INFORMATION SUPPLIED:
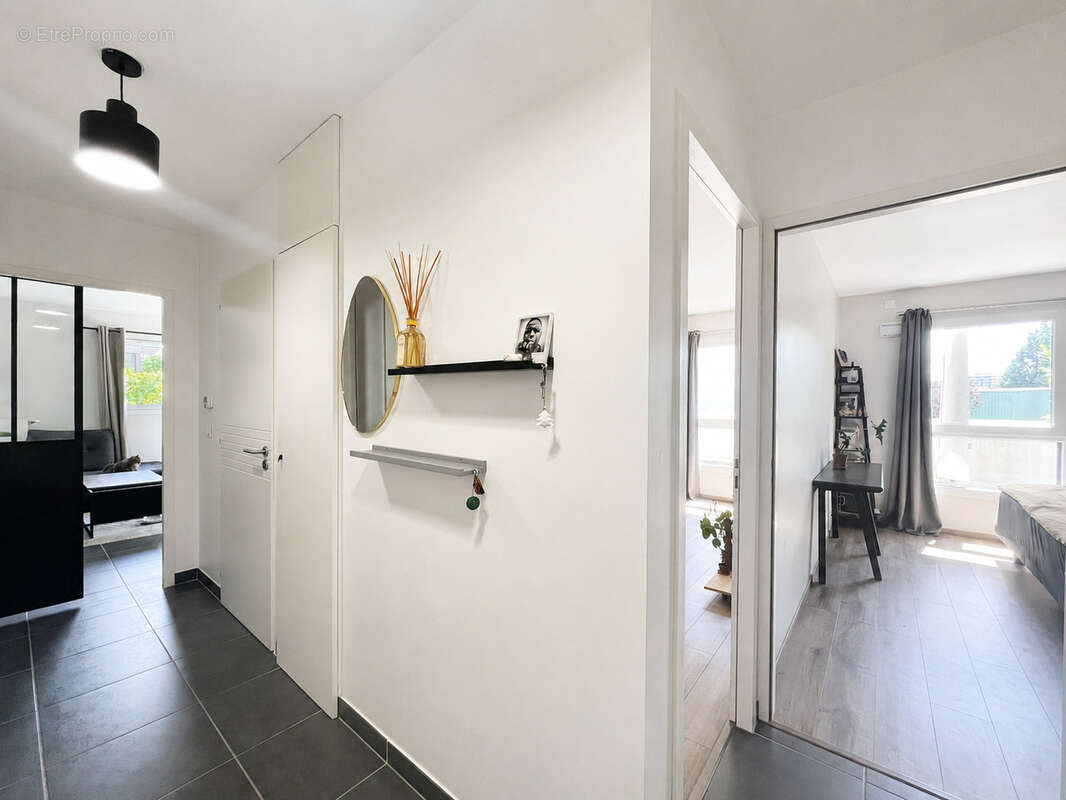 T3 de standing avec terrasse et garage double - photo 7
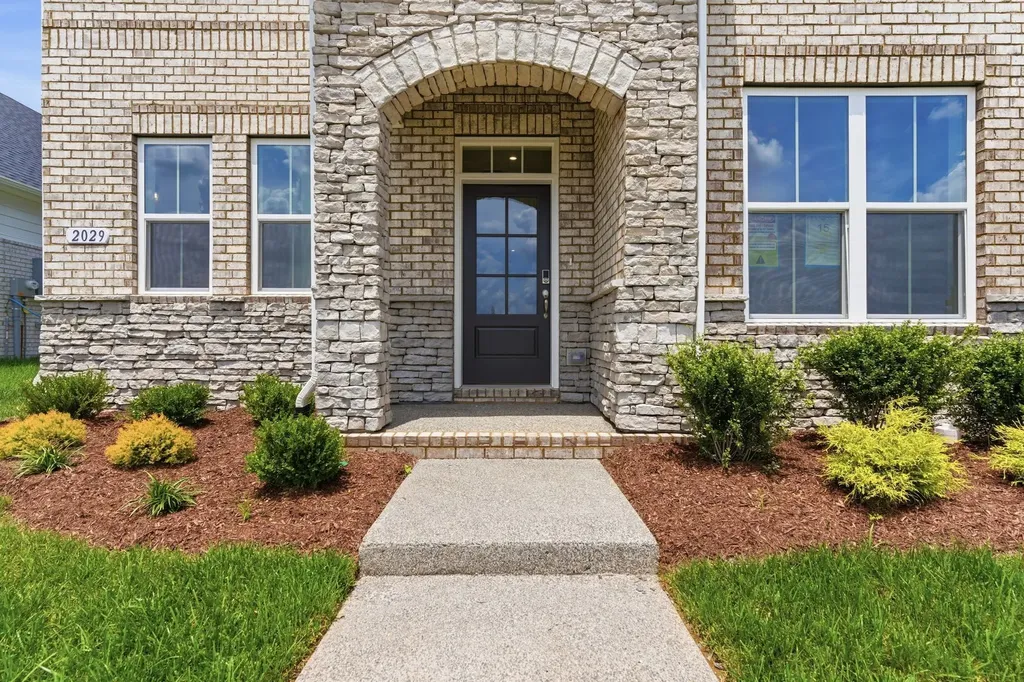 2029 Holbrook Road Mount Juliet TN 37122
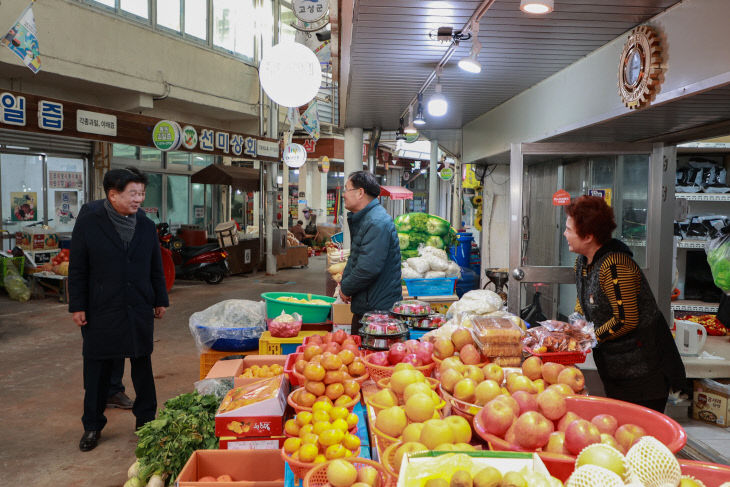 고성군수, 전통시장 찾아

WHAT YOU WILL DO: Write out the whole listing exactly, with no pictures.

TASK OUTPUT:
 T3 de standing avec terrasse et garage double - photo 7
 2029 Holbrook Road Mount Juliet TN 37122
 고성군수, 전통시장 찾아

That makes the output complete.